Rausch Keiko, Hackett Brent A, Weinbren Nathan L, Reeder Sophia M, Sadovsky Yoel, Hunter Christopher A, Schultz David C, Coyne Carolyn B, Cherry Sara
Department of Microbiology, University of Pennsylvania, Philadelphia, PA 19104, USA.
Magee-Womens Research Institute, University of Pittsburgh, Pittsburgh, PA 19104, USA; Department of Obstetrics, Gynecology, and Reproductive Science, University of Pittsburgh, Pittsburgh, PA 19104, USA; Department of Microbiology and Molecular Genetics, University of Pittsburgh, Pittsburgh, PA 19104, USA.
Cell Rep. 2017 Jan 17;18(3):804-815. doi: 10.1016/j.celrep.2016.12.068.
Zika virus is an emerging arthropod-borne flavivirus for which there are no vaccines or specific therapeutics. We screened a library of 2,000 bioactive compounds for their ability to block Zika virus infection in three distinct cell types with two different strains of Zika virus. Using a microscopy-based assay, we validated 38 drugs that inhibited Zika virus infection, including FDA-approved nucleoside analogs. Cells expressing high levels of the attachment factor AXL can be protected from infection with receptor tyrosine kinase inhibitors, while placental-derived cells that lack AXL expression are insensitive to this inhibition. Importantly, we identified nanchangmycin as a potent inhibitor of Zika virus entry across all cell types tested, including physiologically relevant primary cells. Nanchangmycin also was active against other medically relevant viruses, including West Nile, dengue, and chikungunya viruses that use a similar route of entry. This study provides a resource of small molecules to study Zika virus pathogenesis.
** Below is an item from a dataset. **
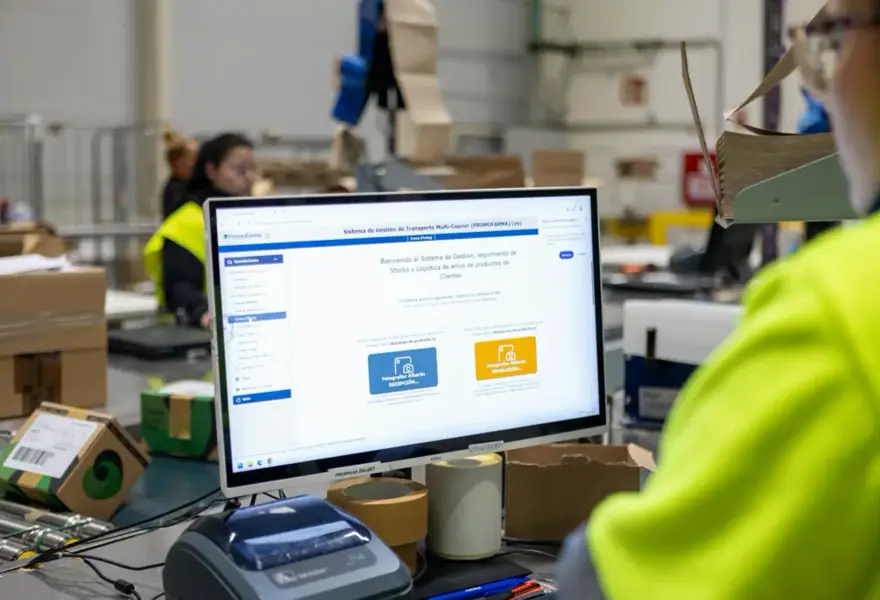 Operator checking incoming goods on screen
寨卡病毒是一种新出现的节肢动物传播的黄病毒,目前尚无疫苗或特效疗法。我们筛选了一个包含2000种生物活性化合物的文库,检测它们在三种不同细胞类型中阻断两种不同寨卡病毒株感染的能力。通过基于显微镜的检测方法,我们验证了38种抑制寨卡病毒感染的药物,包括美国食品药品监督管理局(FDA)批准的核苷类似物。表达高水平黏附因子AXL的细胞可通过受体酪氨酸激酶抑制剂免受感染,而缺乏AXL表达的胎盘来源细胞对这种抑制不敏感。重要的是,我们确定南昌霉素是在所有测试细胞类型中,包括生理相关原代细胞中寨卡病毒进入的有效抑制剂。南昌霉素对其他医学相关病毒也有活性,包括使用类似进入途径的西尼罗河病毒、登革热病毒和基孔肯雅病毒。本研究提供了用于研究寨卡病毒发病机制的小分子资源。